Exercise details
For each entry, output its words exactly and leave any picture behind.

Segment Open

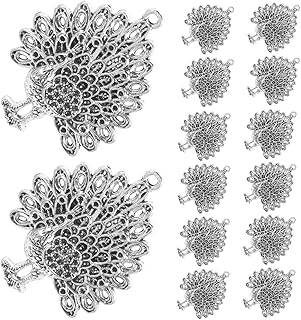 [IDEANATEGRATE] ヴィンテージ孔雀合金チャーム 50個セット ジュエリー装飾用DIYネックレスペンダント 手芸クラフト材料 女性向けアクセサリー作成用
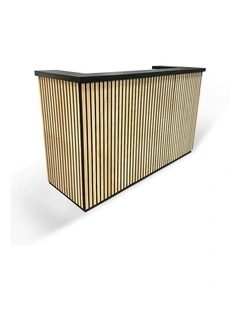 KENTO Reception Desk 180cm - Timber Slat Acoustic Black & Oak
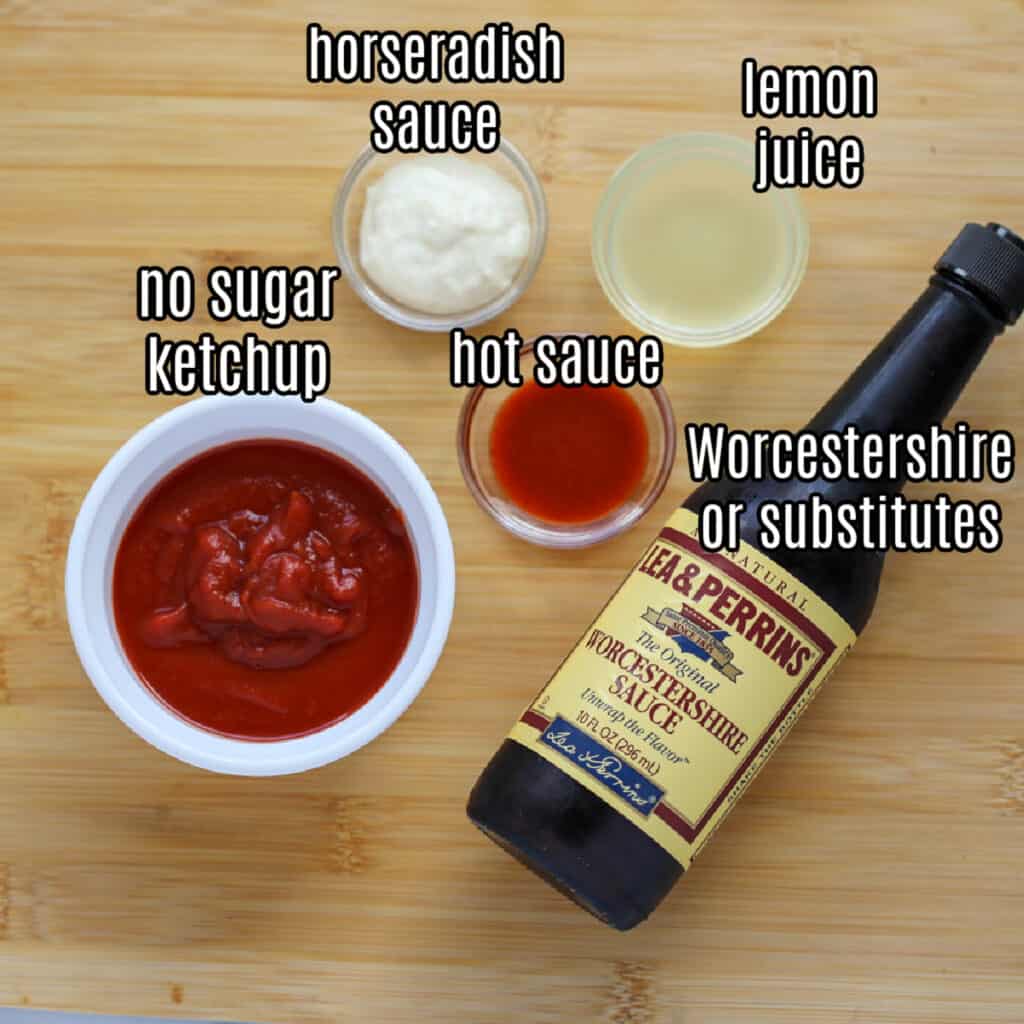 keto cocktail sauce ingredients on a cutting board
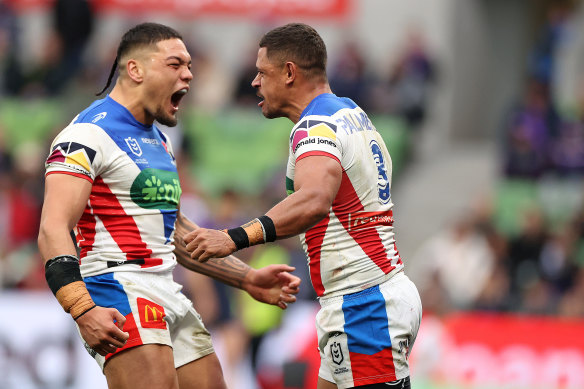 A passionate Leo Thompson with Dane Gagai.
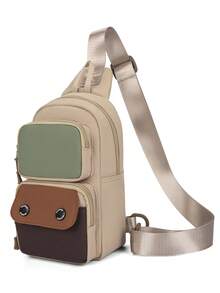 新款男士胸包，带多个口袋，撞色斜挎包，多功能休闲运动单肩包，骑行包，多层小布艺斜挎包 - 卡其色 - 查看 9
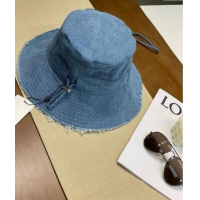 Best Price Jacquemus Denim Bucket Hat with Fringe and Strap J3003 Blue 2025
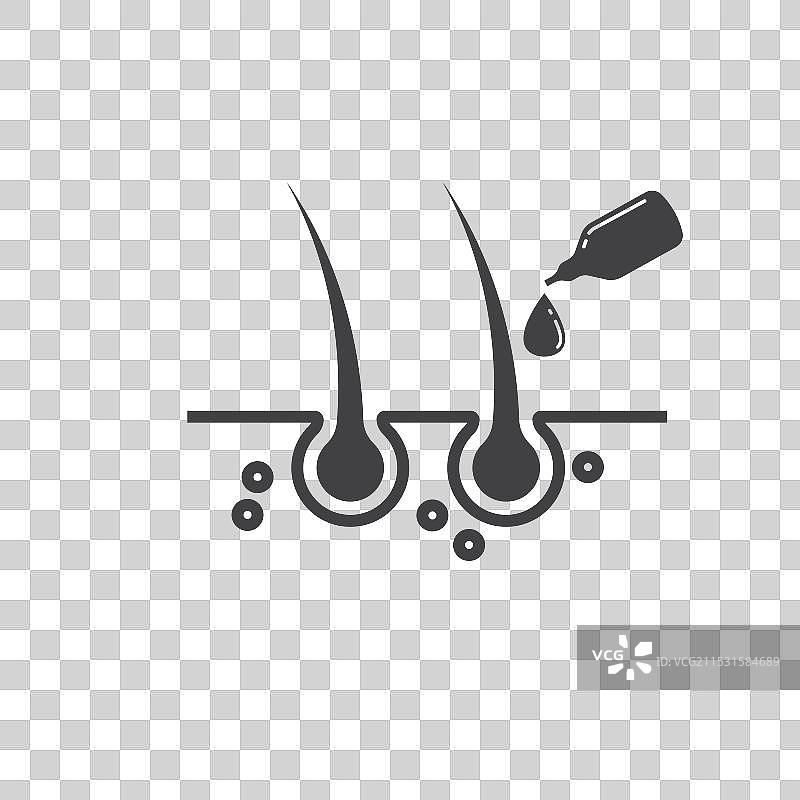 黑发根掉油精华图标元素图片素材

Segment Closed

Answer below
 [IDEANATEGRATE] ヴィンテージ孔雀合金チャーム 50個セット ジュエリー装飾用DIYネックレスペンダント 手芸クラフト材料 女性向けアクセサリー作成用
 KENTO Reception Desk 180cm - Timber Slat Acoustic Black & Oak
 keto cocktail sauce ingredients on a cutting board
 A passionate Leo Thompson with Dane Gagai.
 新款男士胸包，带多个口袋，撞色斜挎包，多功能休闲运动单肩包，骑行包，多层小布艺斜挎包 - 卡其色 - 查看 9
 Best Price Jacquemus Denim Bucket Hat with Fringe and Strap J3003 Blue 2025
 黑发根掉油精华图标元素图片素材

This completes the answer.